ངོ་འཕྲད་བདེ་བའི་དྲ་འབྲེལ།

གཟའ་སྤེན་པ། ༢༠༢༤/༠༧/༢༧

China frees a nun thought to be Tibet's longest-serving female political prisoner. - 2004-02-26


China is reported to have freed a Tibetan nun thought to be Tibet's longest-serving female political prisoner.

A U-S-based Tibetan activist, John Kamm, says the woman -- 37-year-old Phuntsog Nyidron -- was freed Tuesday after serving 15 years at the notorious Drapchi prison in Lhasa. Phuntsog Nyidron was arrested in 1989 along with several other nuns after they staged a peaceful demonstration to support their exiled spiritual leader, the Dalai Lama.

Her nine-year sentence and that of 13 other nuns were extended after they secretly recorded a tape of songs promoting freedom. That tape was smuggled out of Drapchi, and its release angered China's communist government.

Mr. Kamm says Phuntsog Nyidron had been due for release a year from now, but that her sentence was reduced. Many senior U-S officials and members of Congress had lobbied China to free her.

Activists say they still expect her to be put under surveillance.

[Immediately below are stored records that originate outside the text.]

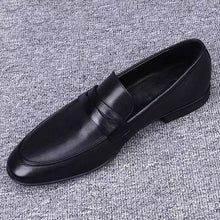Load image into Gallery viewer, Men's Casual Breathable PU Leather Loafers | Soft Sole Round Toe Slip-On Shoes
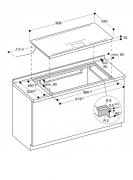 Gaggenau CX 492 100,Vollflchen-Induktions-Kochfeld, 90 cm. Mit 5 Jahren Garantie!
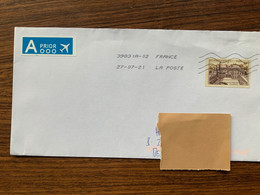 France 2021: Yv 1126 L’Elysée 1957 - Tarif Pas Correct!? Lettre Brief Cover -> Belgium - Briefe U. Dokumente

In its annual report of human rights abuses around the world, the U-S State Department Wednesday mentioned Phuntsog Nyidron's detention as an example of what it called China's poor record in Tibet.

A Chinese Foreign Ministry spokeswoman Thursday criticized the human rights report. She said China has made some universally recognized achievements in human rights.